Queridos hijos, mi Doloroso e Inmaculado Corazón es la Fuente de la Gracia que entrega a la humanidad el Sagrado Corazón Eucarístico de mi amado Hijo Jesucristo.
Yo, la Mujer vestida del Sol, me aparezco para anunciar estos Últimos Llamados de Amor y de Conversión que son una revelación privada, profética, carismática y cristocéntrica. Por eso, estos Llamados de Amor y de Conversión son un don, un obsequio, un regalo de la Misericordia de la Santísima Trinidad.
Mi Hijo Jesús está tocando la puerta del corazón de los hombres, llamándolos a que lo dejen entrar antes de su venida como Juez.
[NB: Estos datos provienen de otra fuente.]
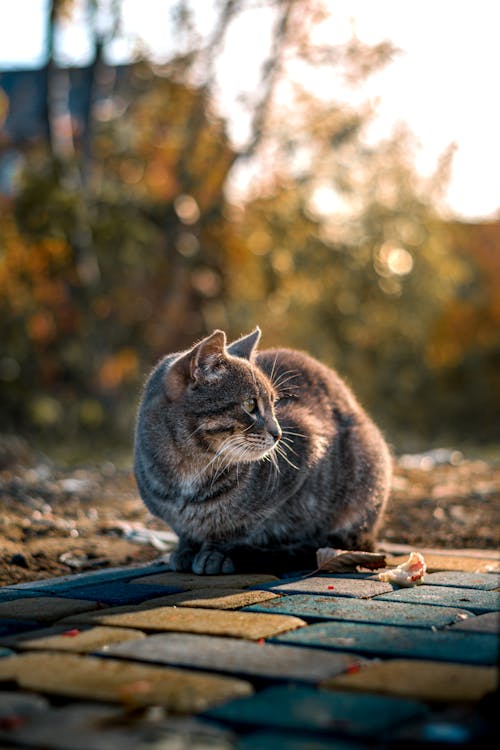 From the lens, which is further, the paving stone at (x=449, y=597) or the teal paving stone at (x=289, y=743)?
the paving stone at (x=449, y=597)

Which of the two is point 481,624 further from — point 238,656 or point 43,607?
point 43,607

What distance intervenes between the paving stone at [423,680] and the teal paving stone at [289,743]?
31cm

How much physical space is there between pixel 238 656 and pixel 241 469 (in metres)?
1.74

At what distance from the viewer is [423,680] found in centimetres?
220

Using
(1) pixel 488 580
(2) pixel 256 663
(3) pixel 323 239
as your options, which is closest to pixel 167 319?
(3) pixel 323 239

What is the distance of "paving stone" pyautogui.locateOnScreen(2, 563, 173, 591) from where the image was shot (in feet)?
12.2

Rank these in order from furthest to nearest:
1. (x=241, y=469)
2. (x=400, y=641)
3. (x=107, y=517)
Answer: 1. (x=107, y=517)
2. (x=241, y=469)
3. (x=400, y=641)

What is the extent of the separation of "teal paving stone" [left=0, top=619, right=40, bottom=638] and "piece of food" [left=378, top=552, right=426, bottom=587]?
54.7 inches

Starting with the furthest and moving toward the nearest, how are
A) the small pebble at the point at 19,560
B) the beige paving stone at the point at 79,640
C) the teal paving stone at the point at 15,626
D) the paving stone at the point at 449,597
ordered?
the small pebble at the point at 19,560, the paving stone at the point at 449,597, the teal paving stone at the point at 15,626, the beige paving stone at the point at 79,640

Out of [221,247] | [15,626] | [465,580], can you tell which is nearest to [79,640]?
[15,626]

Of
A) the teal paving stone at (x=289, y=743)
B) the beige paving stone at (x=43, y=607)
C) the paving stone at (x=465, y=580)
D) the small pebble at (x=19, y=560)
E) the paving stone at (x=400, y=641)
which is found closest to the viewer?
the teal paving stone at (x=289, y=743)

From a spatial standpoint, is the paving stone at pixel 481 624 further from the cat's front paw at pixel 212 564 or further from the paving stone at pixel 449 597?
the cat's front paw at pixel 212 564

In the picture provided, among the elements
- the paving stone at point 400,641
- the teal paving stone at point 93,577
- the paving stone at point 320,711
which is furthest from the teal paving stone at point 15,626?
the paving stone at point 320,711

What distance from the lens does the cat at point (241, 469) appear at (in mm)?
4094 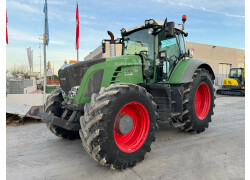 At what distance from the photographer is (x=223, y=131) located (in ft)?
16.5

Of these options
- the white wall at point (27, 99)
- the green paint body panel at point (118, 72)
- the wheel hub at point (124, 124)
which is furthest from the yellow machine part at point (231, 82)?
the wheel hub at point (124, 124)

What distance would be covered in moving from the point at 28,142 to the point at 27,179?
1748 millimetres

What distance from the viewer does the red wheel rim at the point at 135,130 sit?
10.6 feet

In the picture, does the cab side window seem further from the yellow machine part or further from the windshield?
the yellow machine part

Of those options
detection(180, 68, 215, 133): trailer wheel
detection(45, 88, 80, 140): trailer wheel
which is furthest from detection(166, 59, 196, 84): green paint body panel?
detection(45, 88, 80, 140): trailer wheel

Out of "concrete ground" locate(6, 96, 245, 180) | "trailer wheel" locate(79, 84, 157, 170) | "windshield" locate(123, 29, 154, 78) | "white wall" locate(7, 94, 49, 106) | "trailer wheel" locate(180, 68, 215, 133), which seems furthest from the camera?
"white wall" locate(7, 94, 49, 106)

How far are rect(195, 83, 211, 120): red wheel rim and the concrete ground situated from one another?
548mm

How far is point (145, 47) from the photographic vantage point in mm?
4473

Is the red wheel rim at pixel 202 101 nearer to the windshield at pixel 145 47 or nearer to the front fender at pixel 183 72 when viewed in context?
the front fender at pixel 183 72

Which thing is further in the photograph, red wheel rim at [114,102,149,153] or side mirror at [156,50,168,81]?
side mirror at [156,50,168,81]

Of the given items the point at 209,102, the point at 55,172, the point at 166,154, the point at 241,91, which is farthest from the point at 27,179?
the point at 241,91

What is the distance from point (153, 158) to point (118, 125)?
3.11 ft

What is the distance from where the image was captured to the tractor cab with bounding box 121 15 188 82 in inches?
170

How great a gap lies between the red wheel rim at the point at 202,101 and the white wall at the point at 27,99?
23.7 ft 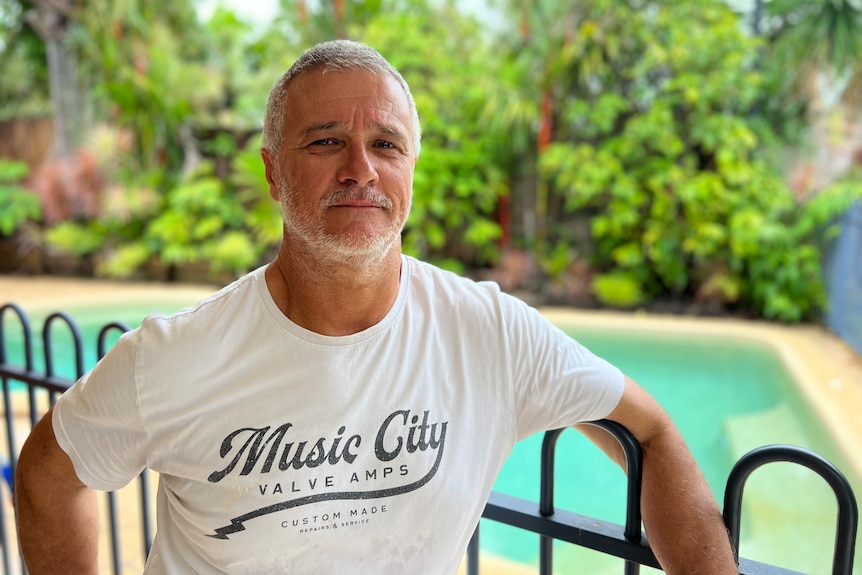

Viene con los Últimos Llamados de Amor y Misericordia, como un corazón enamorado a reconciliar.
El Llamado de Amor y de Conversión que estamos entregando a toda la humanidad y a toda la Iglesia es la continuidad del llamado de mi Corazón en Lourdes. Lourdes se realizará en mi Llamado de Amor y de Conversión.
El Jardín de Nuestros Sagrados Corazones Unidos y la Fuente de Agua de Gracia y Misericordia, es ahora ese llamado visible y físico a la penitencia.
Con mi Doloroso e Inmaculado Corazón, desde Lourdes y desde mi Jardín bendigo a todos mis hijos.
En el Nombre del Padre y del Hijo y del Espíritu Santo. Amén.
Ave María Purísima, sin pecado original concebida.